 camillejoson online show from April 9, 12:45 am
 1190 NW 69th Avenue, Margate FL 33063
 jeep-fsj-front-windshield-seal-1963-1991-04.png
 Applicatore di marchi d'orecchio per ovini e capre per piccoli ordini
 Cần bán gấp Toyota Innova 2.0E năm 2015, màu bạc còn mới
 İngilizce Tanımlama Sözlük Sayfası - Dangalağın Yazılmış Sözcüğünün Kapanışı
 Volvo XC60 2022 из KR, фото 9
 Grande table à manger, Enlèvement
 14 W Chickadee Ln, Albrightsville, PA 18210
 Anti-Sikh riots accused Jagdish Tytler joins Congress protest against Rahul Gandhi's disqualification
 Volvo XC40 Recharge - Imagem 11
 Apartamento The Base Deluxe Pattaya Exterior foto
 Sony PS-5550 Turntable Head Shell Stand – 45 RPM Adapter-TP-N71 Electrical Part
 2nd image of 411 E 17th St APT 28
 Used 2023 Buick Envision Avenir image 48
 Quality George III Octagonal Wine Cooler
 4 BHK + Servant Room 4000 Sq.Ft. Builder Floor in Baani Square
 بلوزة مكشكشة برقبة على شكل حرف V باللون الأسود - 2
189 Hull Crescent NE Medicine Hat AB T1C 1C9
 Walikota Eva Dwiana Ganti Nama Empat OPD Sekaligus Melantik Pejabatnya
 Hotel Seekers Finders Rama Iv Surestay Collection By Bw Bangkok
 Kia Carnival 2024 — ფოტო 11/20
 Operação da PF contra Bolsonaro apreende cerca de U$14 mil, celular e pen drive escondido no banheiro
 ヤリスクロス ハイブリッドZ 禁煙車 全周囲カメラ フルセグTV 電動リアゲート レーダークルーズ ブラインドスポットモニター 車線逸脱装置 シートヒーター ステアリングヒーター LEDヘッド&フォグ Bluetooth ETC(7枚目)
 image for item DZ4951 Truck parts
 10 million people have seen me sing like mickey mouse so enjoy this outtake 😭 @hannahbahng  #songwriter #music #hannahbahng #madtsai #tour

==*==

Take every line from the records above that has the word "Volvo" and copy it.

 Volvo XC60 2022 из KR, фото 9
 Volvo XC40 Recharge - Imagem 11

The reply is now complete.